I have long been interested in the origin of the idea that the world is divided into separate continents, having co-written a book on the topic in 1997. While currently working on the Black Sea region, I have been reminded of how central the Black Sea was to the original continental scheme.
The (known) world was first divided into two continents – Europe and Asia – by Greek thinkers located in the city of Miletus in what is now western Turkey. In the 6th century BCE, Miletus was one of the largest and wealthiest Greek city states. It is also commonly regarded as the birthplace of Greek science and philosophy, being the home of the so-called Ionian Enlightenment of the same century. Beginning in the 8th century BCE, Miletus, like many other Greek city states, established numerous colonies, most of which were located around the Black Sea. Milesian navigators and merchants had extensive experience in this water body, and early Milesian thinkers relied on their knowledge when mapping the world.
According to traditional sources, the first Greek world map was made by Anaximander of Miletus. It was subsequently revised by Hecataeus, a noted geographer of the same city. Neither map survived, but they have been reconstructed based on surviving descriptions. As these reconstructions show, the term “Europe” was used to designate the large landmass located to the left as Milesian navigators moved between islands and through narrow passages as they voyaged from their home city across the Black Sea, whereas “Asia” referred to those lands on the right. As the Milesians were also familiar with the Mediterranean, these same terms were used, respectively, for the landmasses to the north and south of this sea (“Asia” was not generally differentiated on continental grounds from “Libya” [or Africa] by Milesian geographers).
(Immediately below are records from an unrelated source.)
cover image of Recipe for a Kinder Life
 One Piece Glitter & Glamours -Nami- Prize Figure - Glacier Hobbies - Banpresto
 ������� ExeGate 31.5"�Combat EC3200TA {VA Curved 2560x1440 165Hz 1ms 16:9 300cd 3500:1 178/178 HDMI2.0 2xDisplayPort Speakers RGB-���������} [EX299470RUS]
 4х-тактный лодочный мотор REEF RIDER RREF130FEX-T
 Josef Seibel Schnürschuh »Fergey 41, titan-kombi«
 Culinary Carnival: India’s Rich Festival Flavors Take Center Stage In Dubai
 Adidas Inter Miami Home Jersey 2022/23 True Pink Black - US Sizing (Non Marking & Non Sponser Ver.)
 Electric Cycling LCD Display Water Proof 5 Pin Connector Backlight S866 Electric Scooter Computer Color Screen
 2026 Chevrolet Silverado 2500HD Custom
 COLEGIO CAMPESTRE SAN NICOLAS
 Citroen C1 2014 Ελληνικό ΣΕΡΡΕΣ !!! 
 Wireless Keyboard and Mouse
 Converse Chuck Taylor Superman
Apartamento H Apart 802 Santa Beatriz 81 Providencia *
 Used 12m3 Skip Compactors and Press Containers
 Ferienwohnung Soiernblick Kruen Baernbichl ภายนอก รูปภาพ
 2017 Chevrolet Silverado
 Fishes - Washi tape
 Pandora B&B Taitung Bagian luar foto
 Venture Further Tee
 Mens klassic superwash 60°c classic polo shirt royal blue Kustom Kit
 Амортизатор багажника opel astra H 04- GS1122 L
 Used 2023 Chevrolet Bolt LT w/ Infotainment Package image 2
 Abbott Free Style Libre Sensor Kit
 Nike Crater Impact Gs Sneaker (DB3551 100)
In world vision of these early geographers, the division between Asia and Europe in the extreme east continued along the Phasis River (source of the word “pheasant”), now known as the Rioni River of western Georgia. This river was not well understood and was evidently believed by some to link the Black Sea to the eastern reaches of the encircling Ocean. Later Greek thinkers of the fifth and fourth centuries BCE generally regard their own realm as being strung along a series of waterways that extended from the Strait of Gibraltar to what is now western Georgia. As Plato ostensibly quoted Socrates, “I believe that the earth is very large and that we who dwell between the Pillars of Hercules and the river Phasis live in a small part of it about the sea, like ants or frogs about a pond” (Phaedo, 109a). With the world conceptualized in such a manner, it made sense to distinguish the northern side of this division as one land mass, Europe, and the other side as another, conceptualized either as either Asia or as Asia and Libya (Africa).
Later Greek and Roman geographers revised the continental schema, moving the division between Europe and Asia from the Phasis River (Rioni) to the Tanais (Don) River. This maneuver highlighted the passage into yet another enclosed sea (the Sea of Azov, then known as Lake Maeotis), through yet another narrow passage, the Strait of Kerch (then known as the Cimmerian Bosporus). A reconstruction of a Roman world map nicely shows the resulting threefold division of the world, with Europe almost separated from Asia by a north-south-running series of waterways beginning in the Aegean Sea and ending in the Sea of Azov, and Asia almost separated from Africa by the Red Sea (labeled as the Arabian Sea on this map.) This model of the world would become the foundation for all later continental divisions.